■ Records to use:
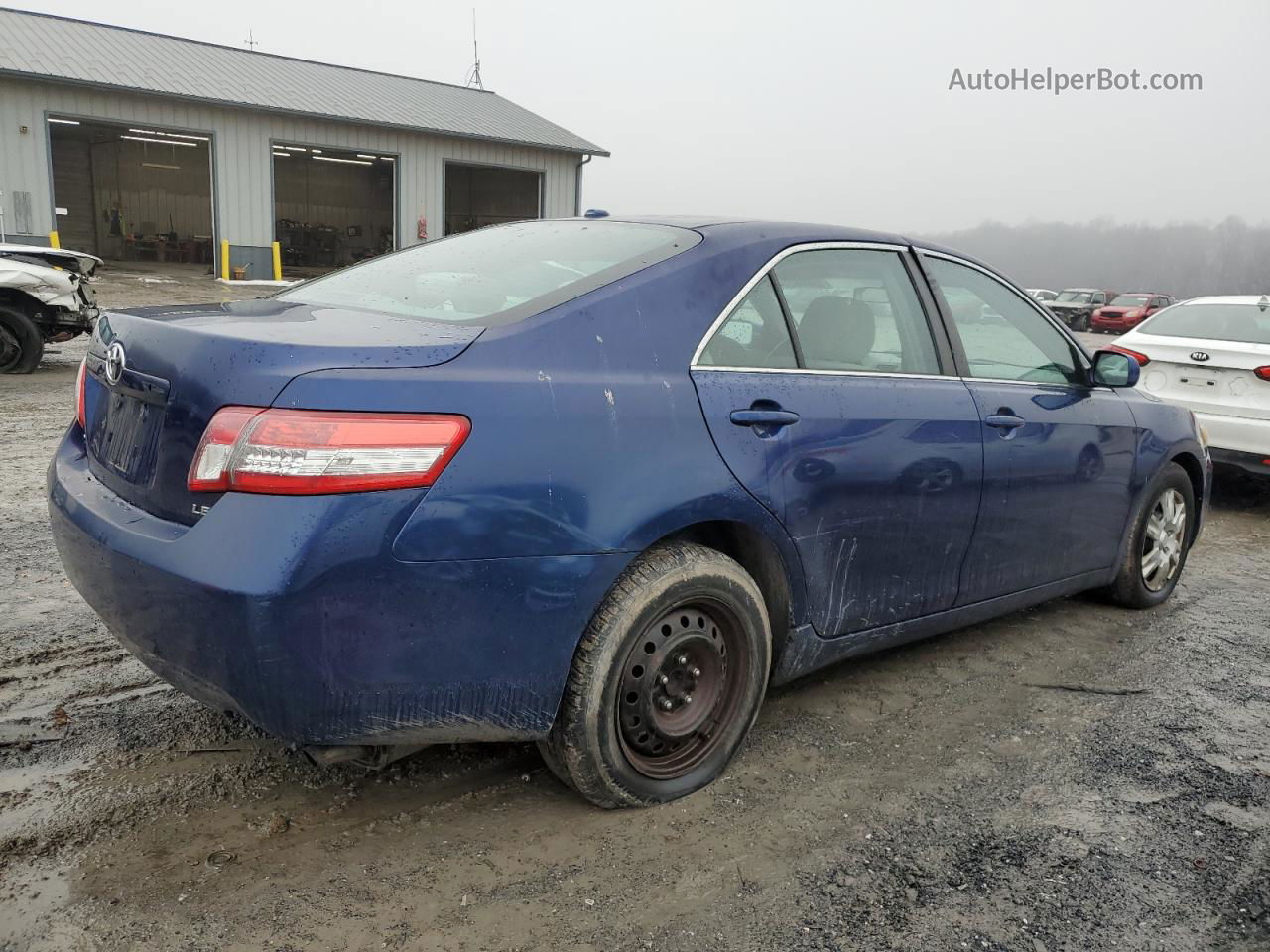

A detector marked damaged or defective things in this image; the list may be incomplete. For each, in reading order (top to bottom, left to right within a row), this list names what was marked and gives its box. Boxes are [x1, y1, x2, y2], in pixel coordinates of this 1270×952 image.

damaged white car [0, 244, 100, 373]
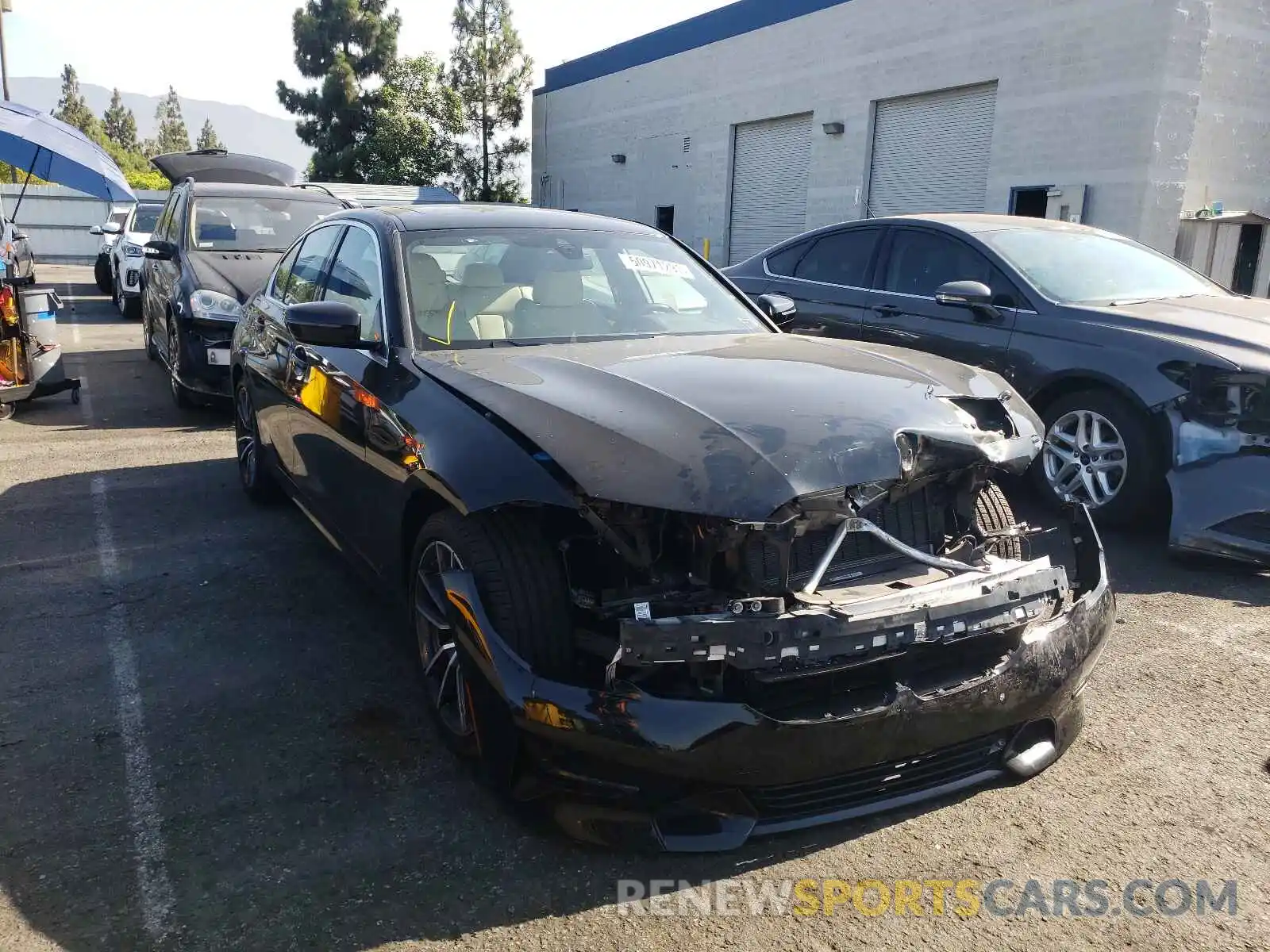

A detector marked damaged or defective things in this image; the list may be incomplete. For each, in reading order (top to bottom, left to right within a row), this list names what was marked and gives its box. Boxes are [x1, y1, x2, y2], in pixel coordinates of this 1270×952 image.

crumpled hood [185, 250, 280, 301]
crumpled hood [416, 335, 1041, 523]
crumpled hood [1082, 297, 1270, 375]
damaged front end [1163, 360, 1270, 563]
damaged front end [441, 444, 1118, 853]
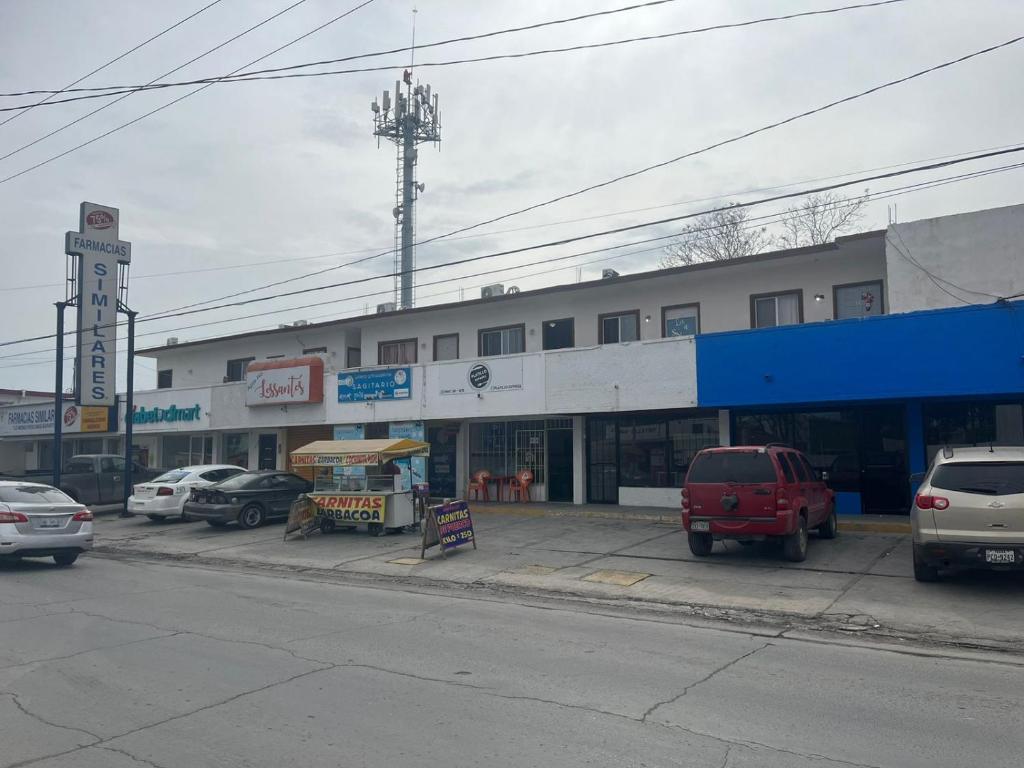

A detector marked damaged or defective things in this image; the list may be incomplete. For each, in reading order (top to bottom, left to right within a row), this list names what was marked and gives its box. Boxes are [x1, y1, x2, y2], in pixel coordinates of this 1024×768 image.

crack in pavement [638, 647, 770, 724]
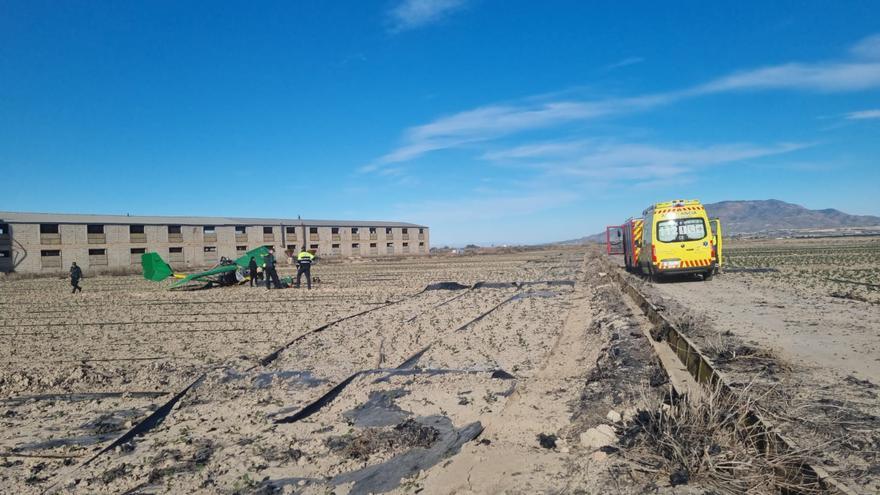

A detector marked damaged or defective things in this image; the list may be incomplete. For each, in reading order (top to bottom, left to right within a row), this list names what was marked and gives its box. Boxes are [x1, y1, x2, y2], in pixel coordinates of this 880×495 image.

crashed small airplane [142, 248, 278, 290]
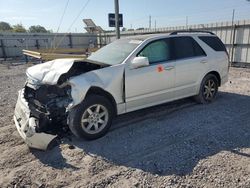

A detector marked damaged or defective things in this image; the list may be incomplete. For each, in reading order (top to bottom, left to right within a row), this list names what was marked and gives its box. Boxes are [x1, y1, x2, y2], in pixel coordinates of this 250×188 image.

detached bumper piece [14, 89, 57, 150]
crumpled hood [26, 58, 77, 85]
damaged front end [13, 58, 106, 150]
damaged white suv [13, 30, 229, 150]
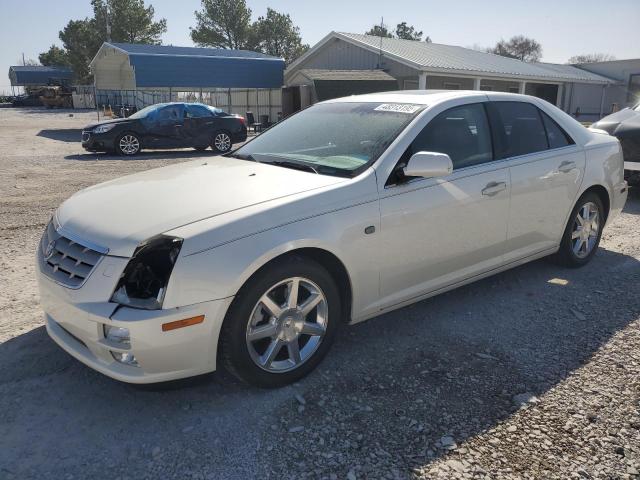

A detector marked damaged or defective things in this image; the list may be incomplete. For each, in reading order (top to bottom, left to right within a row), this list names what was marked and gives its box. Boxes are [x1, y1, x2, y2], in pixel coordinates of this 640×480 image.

damaged headlight [110, 236, 182, 312]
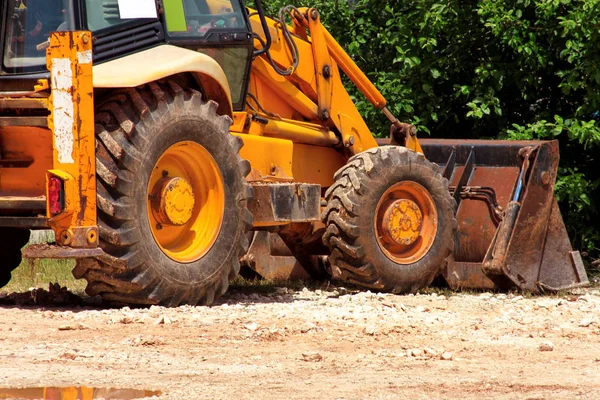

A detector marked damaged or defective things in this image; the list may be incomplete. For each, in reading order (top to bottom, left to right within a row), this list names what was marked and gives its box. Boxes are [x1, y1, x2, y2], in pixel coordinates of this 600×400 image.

rusty metal panel [248, 183, 324, 227]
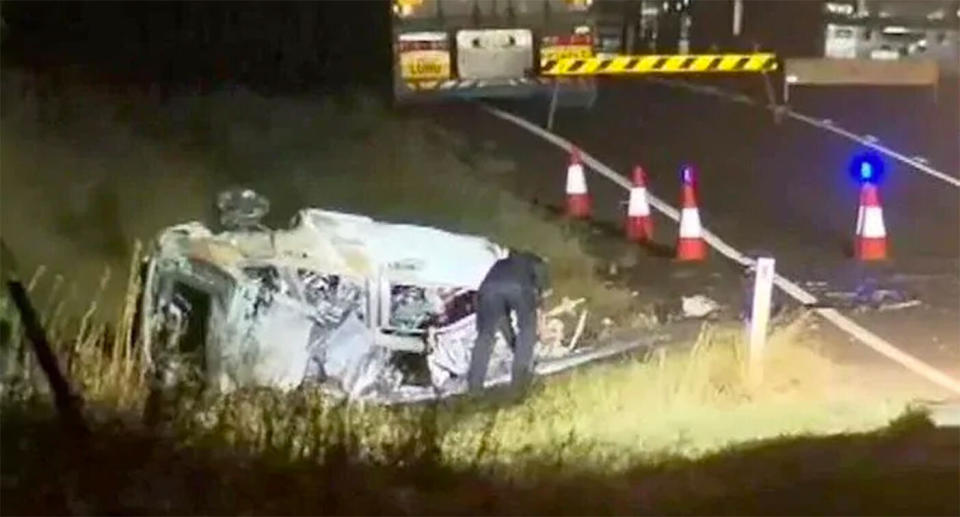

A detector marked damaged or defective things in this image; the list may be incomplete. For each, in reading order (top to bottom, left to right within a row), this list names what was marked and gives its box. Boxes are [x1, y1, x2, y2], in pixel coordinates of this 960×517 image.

crushed car body [142, 200, 548, 402]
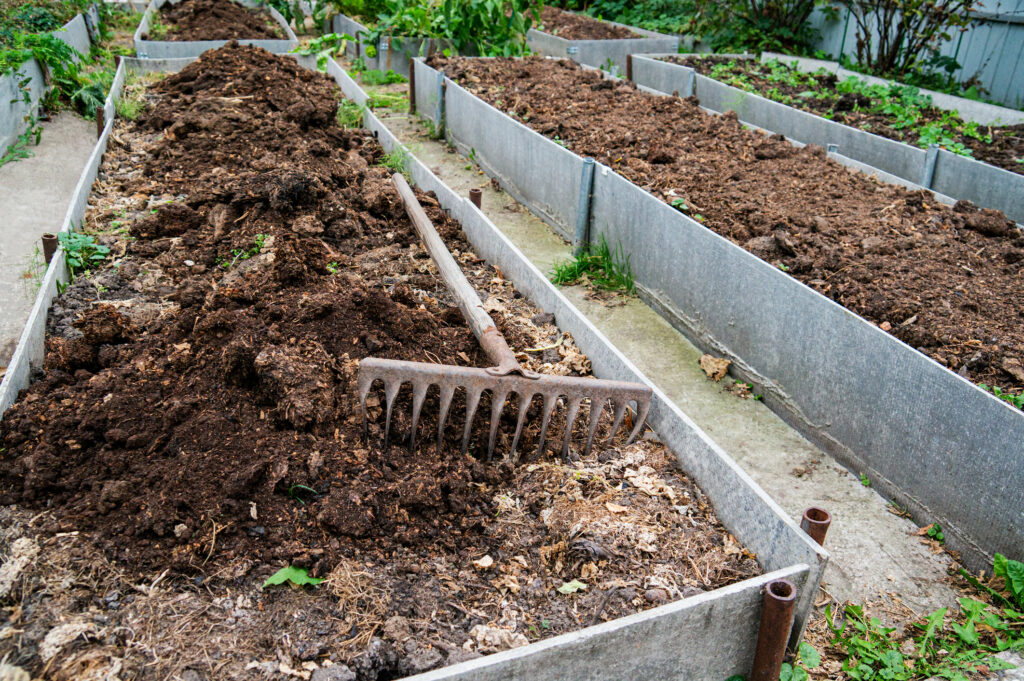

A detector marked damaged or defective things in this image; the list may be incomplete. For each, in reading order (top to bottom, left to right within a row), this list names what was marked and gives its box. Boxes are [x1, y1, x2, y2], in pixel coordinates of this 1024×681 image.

rusty pipe stake [41, 234, 57, 266]
rusty pipe stake [800, 508, 832, 544]
rusty pipe stake [748, 580, 796, 681]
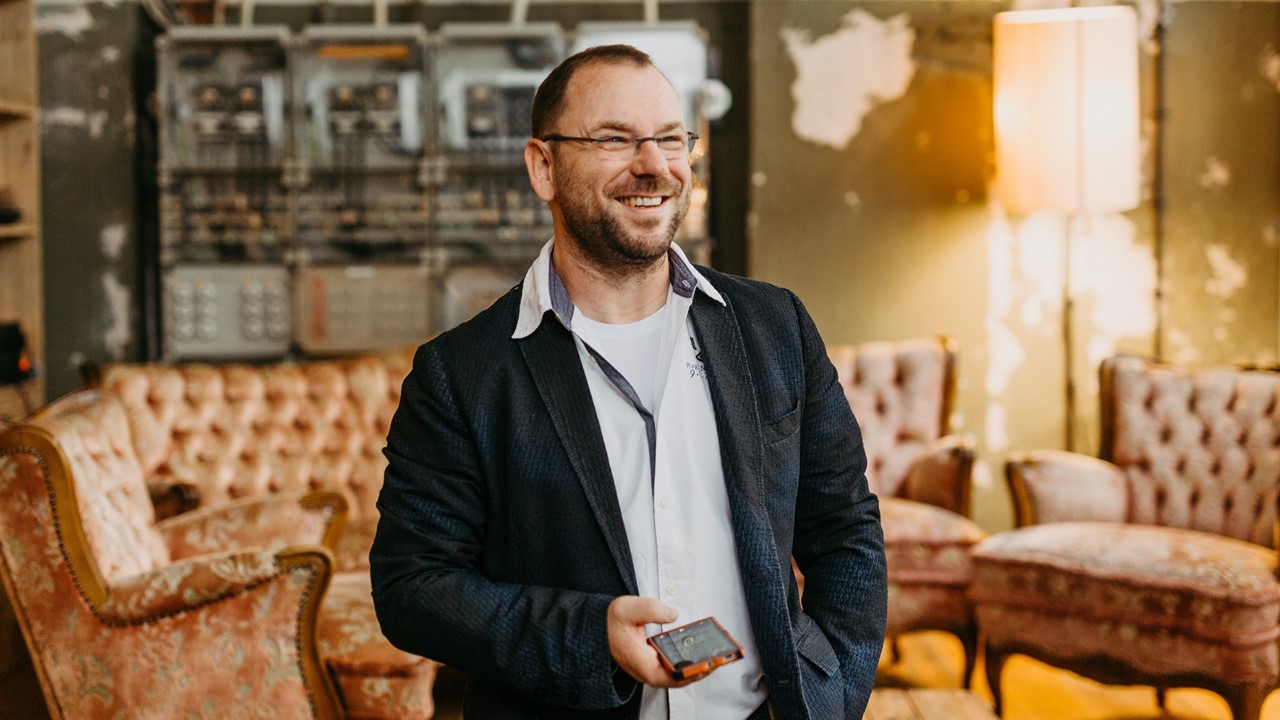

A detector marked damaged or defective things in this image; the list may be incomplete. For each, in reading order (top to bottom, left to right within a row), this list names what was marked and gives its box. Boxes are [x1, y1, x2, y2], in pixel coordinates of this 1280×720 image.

wall with peeling paint [747, 0, 1280, 527]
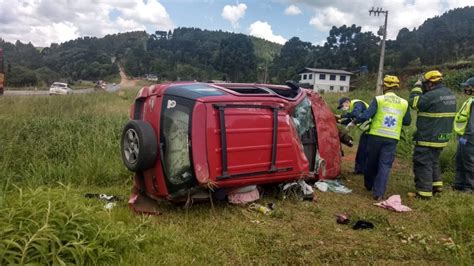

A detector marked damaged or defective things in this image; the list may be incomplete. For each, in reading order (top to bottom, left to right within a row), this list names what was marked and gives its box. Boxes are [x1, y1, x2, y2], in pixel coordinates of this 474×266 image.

overturned red car [120, 82, 342, 203]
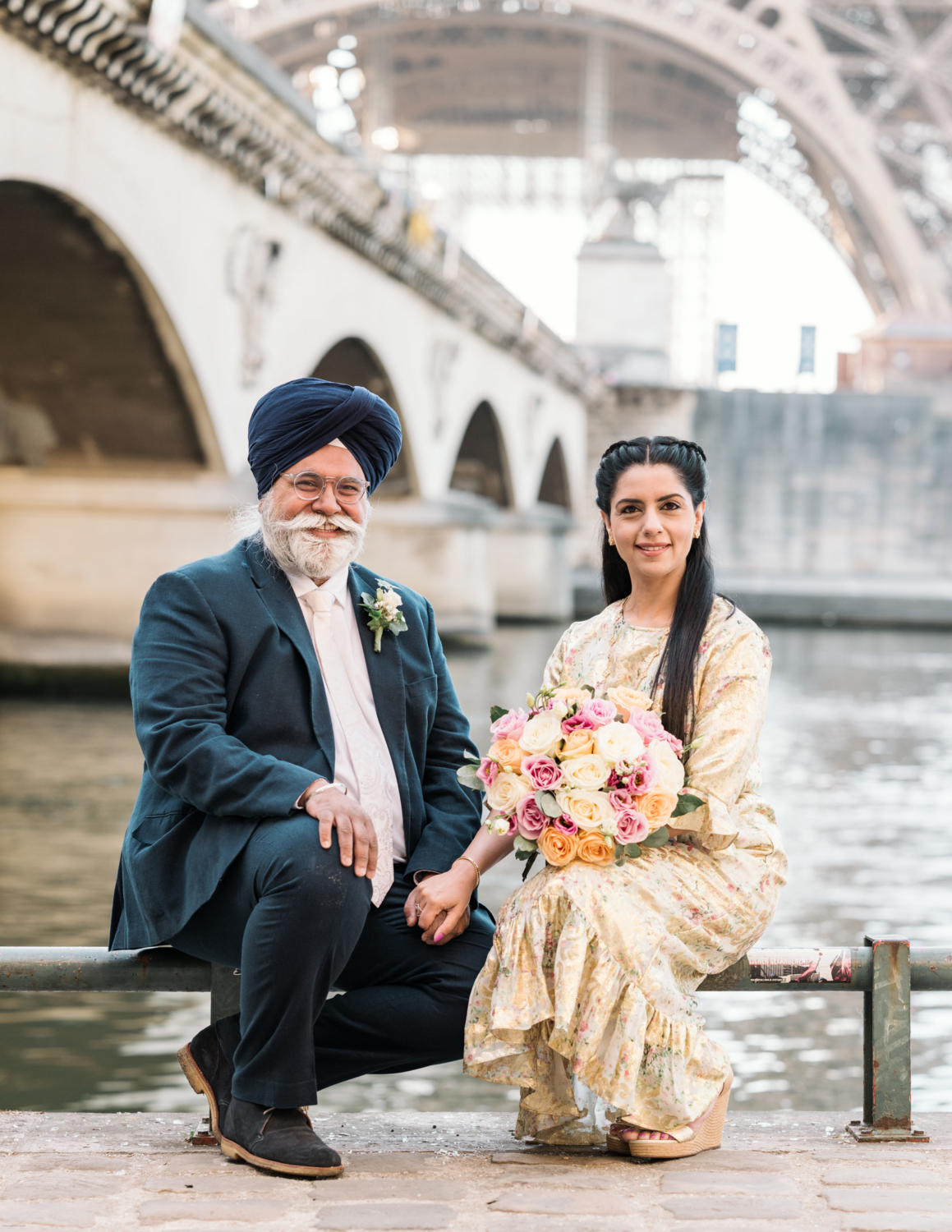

■ Activity:
The full listing, reproduced exactly and without pictures, is the expected output.

■ Written response:
A detector marked damaged or defective things in this image; the list may be incomplete. For each, in reading order (top to bottom, left to right within a row), this list names what was marked and gives its box. Boxes are [x1, y1, x2, y2], in pixel coordinates of this 1270×952 image.

damaged white car [0, 244, 100, 373]

A detector marked damaged or defective things in this image; the list may be incomplete. For each, in reading order (top to bottom, left to right within a row), this list names what was marked and gives its box. Boxes are [x1, y1, x2, y2], in pixel coordinates of this 1270×952 image.

crumpled hood [185, 250, 280, 301]
crumpled hood [416, 335, 1041, 523]
crumpled hood [1082, 297, 1270, 375]
damaged front end [1163, 360, 1270, 563]
damaged front end [441, 444, 1118, 853]

A detector marked damaged or defective things in this image; the list may be incomplete. For each, in reading order (top to bottom, left to right within a row), this list names what was marked and gives its box. Boxes are [x1, y1, x2, y2], in pixel coordinates of this 1024×768 image.

crack in pavement [638, 647, 770, 724]

A detector marked damaged or defective things in this image; the list may be incomplete. For each, in reading order (top to bottom, left to right within a row), this list names what was marked and gives its box. Boxes are [x1, y1, x2, y2], in pixel coordinates of this 880×495 image.

crashed small airplane [142, 248, 278, 290]

A detector marked damaged or defective things in this image; the list may be incomplete. For each, in reading order (top to bottom, left to right within a row), this list names what was marked and gives its box. Boxes are [x1, y1, x2, y2], in pixel coordinates of this 250×188 image.

detached bumper piece [14, 89, 57, 150]
crumpled hood [26, 58, 77, 85]
damaged front end [13, 58, 106, 150]
damaged white suv [13, 30, 229, 150]

A detector marked damaged or defective things in this image; the list may be incomplete. For each, in reading order (top to bottom, left to right within a row), this list names what was marked and gives its box. Boxes are [x1, y1, x2, y2], in pixel coordinates of this 640×480 image.

damaged headlight [110, 236, 182, 312]

A detector marked damaged or defective things in this image; the list may be incomplete. For each, in reading order (top to bottom, left to right within a row), this list names what was marked and gives its box. Boxes are [x1, y1, x2, y2], in pixel coordinates of this 600×400 image.

rusty metal panel [248, 183, 324, 227]

A detector marked damaged or defective things in this image; the list may be incomplete. For each, in reading order (top to bottom, left to right within a row), this list names what was marked and gives its box. Boxes are [x1, y1, x2, y2], in pixel coordinates of this 960×517 image.

crushed car body [142, 200, 548, 402]

A detector marked damaged or defective things in this image; the list may be incomplete. For each, in reading order (top to bottom, left to right within a row), this list names what was marked and gives its box. Boxes are [x1, y1, x2, y2], in pixel coordinates of this 1024×681 image.

rusty pipe stake [41, 234, 57, 266]
rusty pipe stake [800, 508, 832, 544]
rusty pipe stake [748, 580, 796, 681]

A detector marked damaged or defective things in this image; the list may be incomplete. For each, in reading order (top to bottom, left to right within a row), this list names what was marked and gives its box. Boxes are [x1, y1, x2, y2], in pixel coordinates of this 1280×720 image.

wall with peeling paint [747, 0, 1280, 527]

A detector marked damaged or defective things in this image; the list may be incomplete. For each, in reading order (top to bottom, left to right within a row), this list names what was marked and gives its box. Boxes are [x1, y1, x2, y2], in pixel coordinates of this 474×266 image.

overturned red car [120, 82, 342, 203]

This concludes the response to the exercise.